I will reward 100 Quai to whoever produces the first argument that could convince me of either side. You can present your attempt in the X thread. (AI slop will be ignored on sight.)

As a warm-up, first assume that shares anchored outside the main chain do not count. So, for example, in this case (I'm still using fruits and baskets to represent workshares and blocks because I like fruit):

workshare A will count, but workshare B will not. This is a bad assumption, which we will soon remove, but it is instructive for kicking off the discussion.

While this is ultimately not the correct way to determine workshare validity, it does make a lot of sense. The key benefit is that only the main chain determines what workshares count, so the only way to change how the reward for a particular height is split retroactively is via a reorg. This increases stability and, while making the computation of reward distribution simpler and more localized. (Another benefit, well outside our current scope, is that computing rewards this way is compatible with the PoEM chain selection rule.)

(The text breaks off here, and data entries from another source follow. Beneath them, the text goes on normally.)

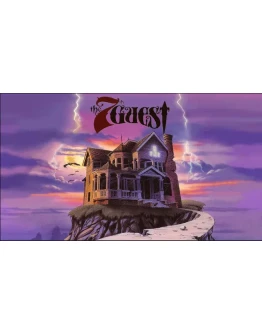 The 7th Guest PS4/PS5 TR The 7th Guest PS4/PS5 TR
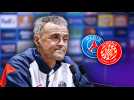 VIDÉO Ligue des champions. PSG : Luis Enrique fait les éloges de Gérone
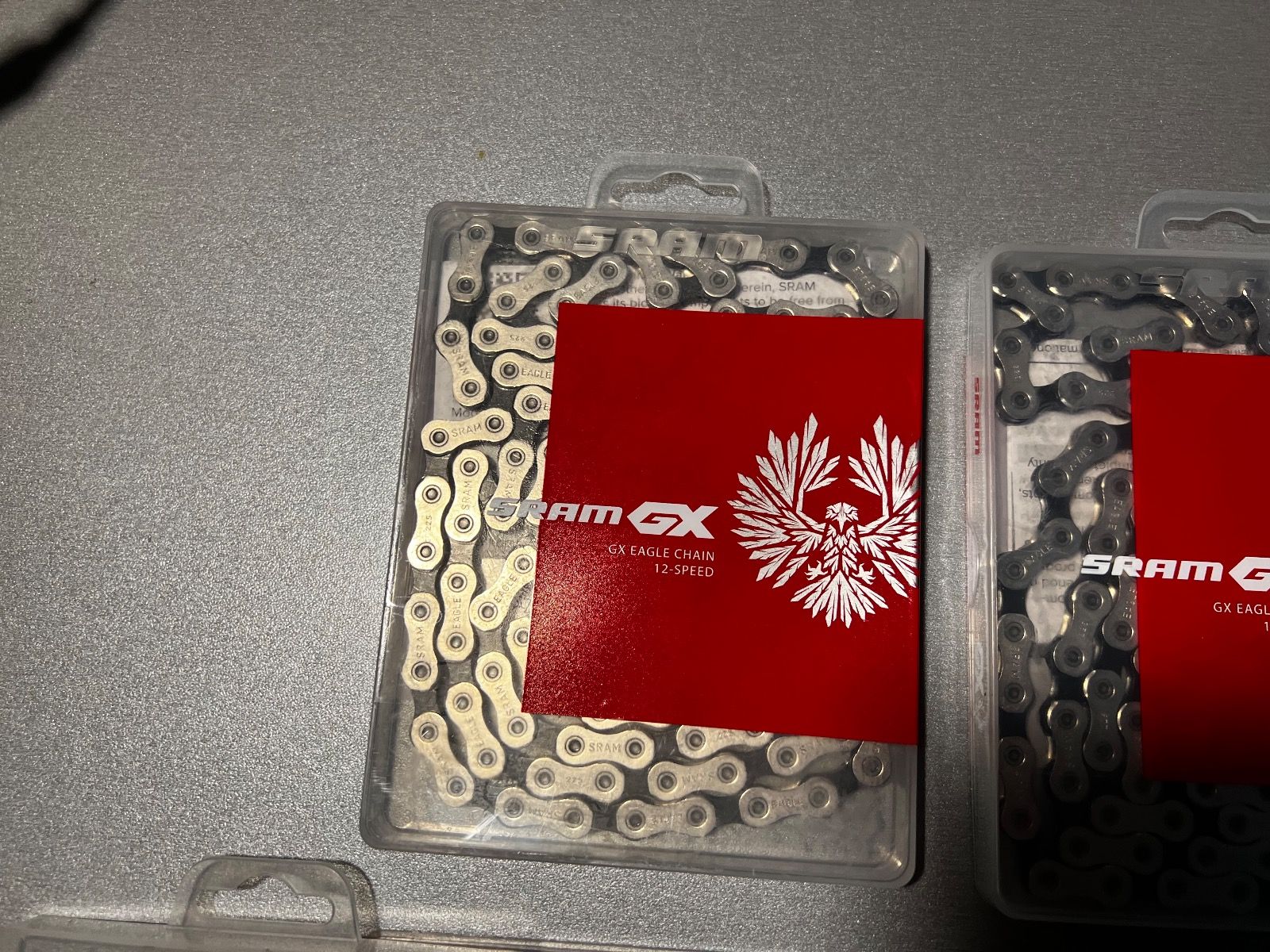 Цепи sram 11-12ск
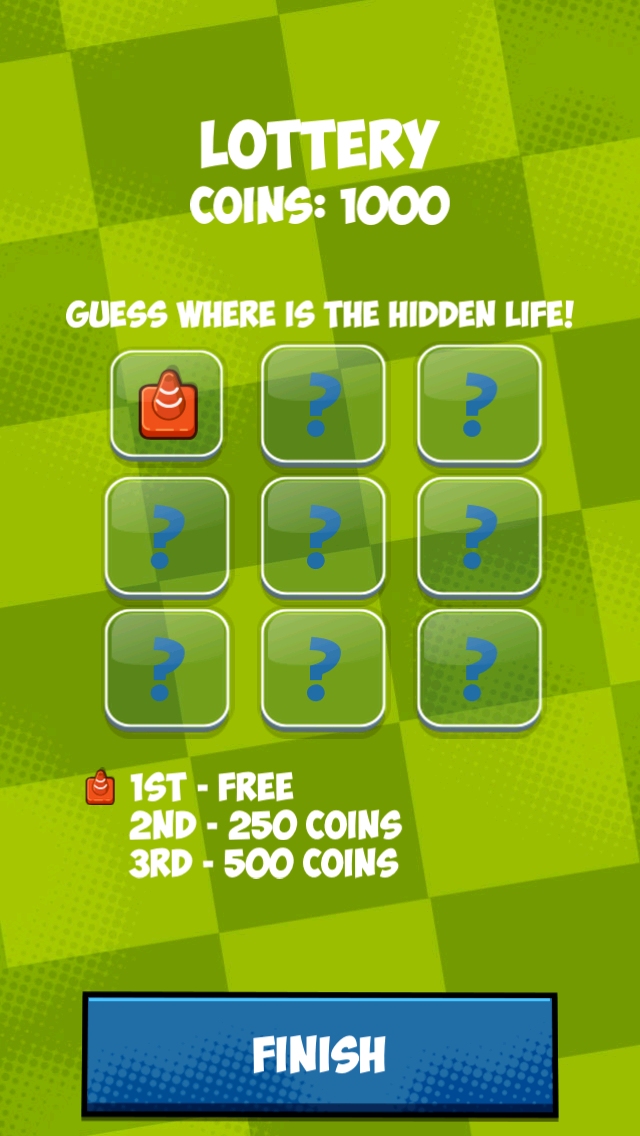 Turbofinger Аркадные Гонки для iOS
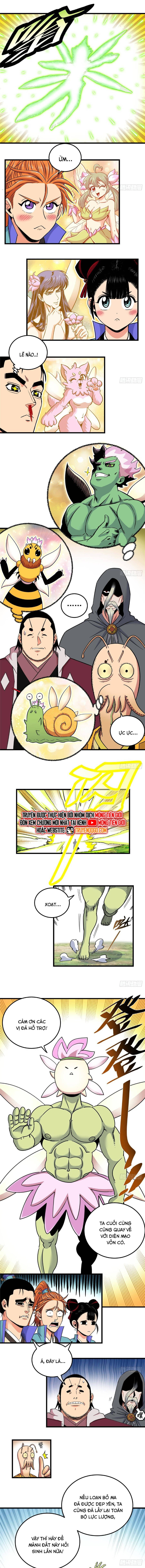Đế Bá Chap 1241 - Next Chap 1242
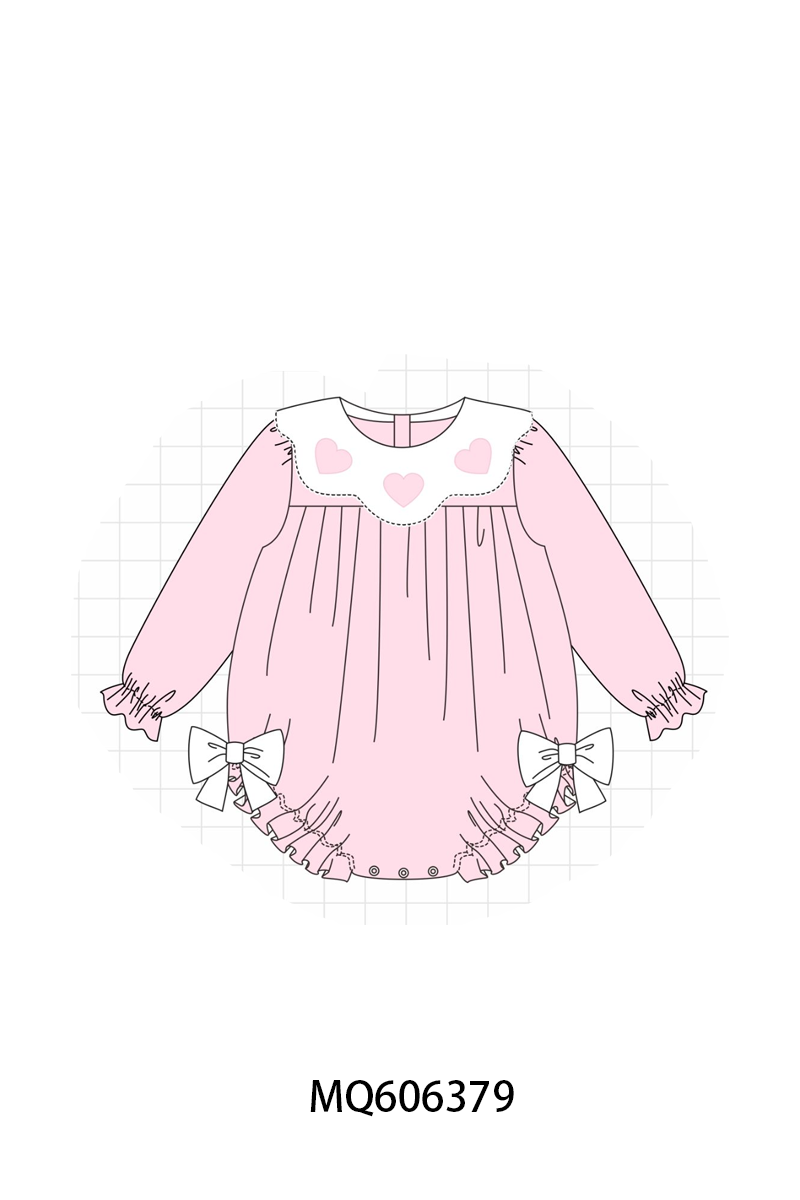 PINK AND RED HEART COLLECTION (ETA LATE DEC)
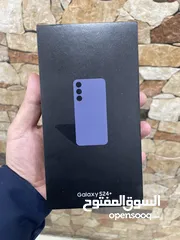  1 Samsung s24 plus وارد الشرق الاوسط بسعر مميز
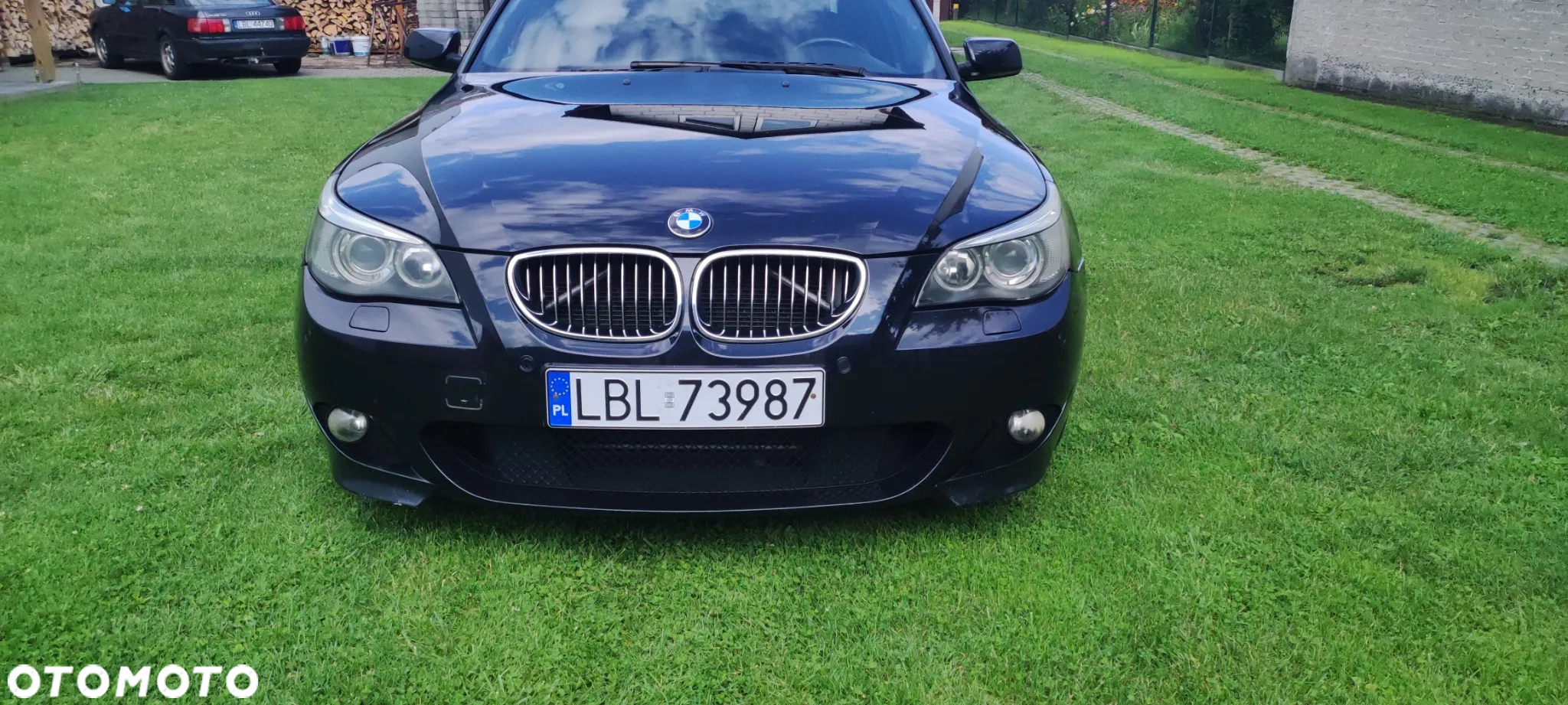 BMW Seria 5 525i - 2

So what is the problem with only looking at the main chain? Perhaps this picture will give you a hint:

2 Selfish 2 Mining

It turns out that ignoring orphaned workshares makes selfish mining possible again!

With some reflection, this shouldn't be such a great surprise. FruitChain works because it decouples block creation from reward distribution. But ignoring shares outside the selected chain couples them right back! Not only is selfish mining possible again, but the very same attacks on Bitcoin can be used here!

An adversary can follow any selfish-mining attack on Bitcoin (e.g., Eyal-Sirer), while also packing all workshares to their own blocks. If they manage to orphan an honest block, they get an unfair advantage because the blocks they introduced instead only anchor their own workshares. It is true that other miners can retroactively add more shares to the adversary block, but why would they? They'd rather harvest on more recent blocks that have fewer workshares already anchored to them. So even in this scenario, only harvesting to newer blocks, leaving the adversary with their advantage, is not only honest but rational.

Hahaha, You Said "Knob"

So how can we use block anchoring in a more subtle way?

Simple, we allow repacking shares anchored in uncle blocks, as long as we are repacking on the main chain. In other words: we are still only counting workshares packed on the main chain, but we allow these workshares to be anchored on uncle blocks.

Consider this scenario:

The block $C$ packs the workshare $B$ , but that doesn't matter, since $C$ is not on the main chain. However, $D$ also packs $B$ . Hence $B$ is counted despite being anchored on an uncle block.

Astute readers might scratch their heads and wonder: Doesn't this completely undermine the purpose of anchor blocks? How is this any better than just using height? And those astute readers are completely right! The key is that we are not allowing all uncles, but only uncles close enough to the main chain.

This is the extra knob we alluded to earlier: the allowed uncle distance. Lets take the time to formalize this a bit.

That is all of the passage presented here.